After spotting a polar bear doing laps in the canal outside my bedroom, I repaired to the Breweries where there was less chance of dying of hypothermia. A retired couple took a shine to me and insisted that drinks were on them. I wasn’t complaining. That only started the next day when I had to drive to Jeffreys Bay.

I jumped out of the car in the parking lot overlooking the legendary Supertubes, staggered a few paces and fell over. A dog came up and barked at me. I could barely walk. My right foot felt as if shrapnel was embedded in it. Other surfers were putting on their wetsuits. I went looking for drugs.

For many years, these were easily obtainable in J-Bay. Then the troglodytes descended, with their brutalist architecture and facebrick mentalities and nothing was ever the same again. Now, you have to get your drugs from pharmacies instead of hippies.

The chemist said from the sound of it, I had gout. I laughed and said, “For a minute there, I thought you said I had gout.” Ja, she said, gout.

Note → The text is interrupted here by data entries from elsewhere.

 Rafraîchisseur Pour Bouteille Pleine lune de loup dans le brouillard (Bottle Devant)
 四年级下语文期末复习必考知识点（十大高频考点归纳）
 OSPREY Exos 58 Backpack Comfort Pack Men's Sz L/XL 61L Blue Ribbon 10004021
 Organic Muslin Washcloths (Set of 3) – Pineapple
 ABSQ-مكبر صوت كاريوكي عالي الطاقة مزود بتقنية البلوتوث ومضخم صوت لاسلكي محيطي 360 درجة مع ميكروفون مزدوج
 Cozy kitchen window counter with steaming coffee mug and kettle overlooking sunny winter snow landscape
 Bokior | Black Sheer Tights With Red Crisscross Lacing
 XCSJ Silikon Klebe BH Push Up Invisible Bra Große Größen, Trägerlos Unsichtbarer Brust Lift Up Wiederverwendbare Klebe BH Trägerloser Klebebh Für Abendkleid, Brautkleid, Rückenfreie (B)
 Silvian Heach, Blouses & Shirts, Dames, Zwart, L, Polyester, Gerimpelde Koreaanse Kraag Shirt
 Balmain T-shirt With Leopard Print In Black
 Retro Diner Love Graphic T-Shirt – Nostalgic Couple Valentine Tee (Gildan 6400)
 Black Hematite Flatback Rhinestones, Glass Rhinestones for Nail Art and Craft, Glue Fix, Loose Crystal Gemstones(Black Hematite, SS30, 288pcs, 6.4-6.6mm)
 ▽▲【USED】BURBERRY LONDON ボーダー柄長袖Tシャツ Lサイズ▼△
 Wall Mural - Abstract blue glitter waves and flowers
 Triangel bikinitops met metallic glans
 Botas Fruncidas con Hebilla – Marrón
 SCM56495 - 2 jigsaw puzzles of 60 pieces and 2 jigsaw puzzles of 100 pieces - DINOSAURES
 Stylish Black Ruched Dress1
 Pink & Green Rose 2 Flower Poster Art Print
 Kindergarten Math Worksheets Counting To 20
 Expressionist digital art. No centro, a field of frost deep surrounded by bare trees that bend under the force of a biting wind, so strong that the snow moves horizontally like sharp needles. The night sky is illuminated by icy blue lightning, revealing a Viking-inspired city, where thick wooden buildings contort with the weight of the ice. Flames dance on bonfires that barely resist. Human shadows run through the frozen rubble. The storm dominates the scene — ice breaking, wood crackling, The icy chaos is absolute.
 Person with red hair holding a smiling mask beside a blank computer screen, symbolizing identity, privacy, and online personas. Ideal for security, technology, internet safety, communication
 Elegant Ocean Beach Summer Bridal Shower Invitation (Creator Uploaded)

I was outraged. Gout is something from which fat, old, rich men suffer. Could she not tell by the way I was dressed that I wasn’t rich?

“How much did you last have to drink?” she said. An odd question since I was wearing sunglasses and, for all she knew, I was a Jehovah’s Witness on a mission from God. It is, after all, only by the eyes that one can tell someone who is partial to the odd dram, or, in my case, eleventy-nine beers and four tequilas.

I removed my sunglasses and looked her square in the eye. She flinched and handed me a canister of colchicine. If I hoped to surf, I needed to cure my foot and began guzzling the pills the moment I left the shop. The more you take, the better you feel. Isn’t that the rule for pharmaceuticals?

Colchicine works on a different principle. One of the side effects of overdosing is that you swerve violently into a driveway and vomit in someone’s garden. In front of their children. On a Sunday morning.

“It’s gout,” I shouted. I wouldn’t want them thinking I am spreading blackwater fever through the neighbourhood. But I could see they didn’t understand.

My body eventually calmed down enough for me to get into the water. Surfing at J-Bay is to surfers what kissing the pope’s ring is to Catholics, only more hygienic. It’s also the best way to forget that you’re homeless.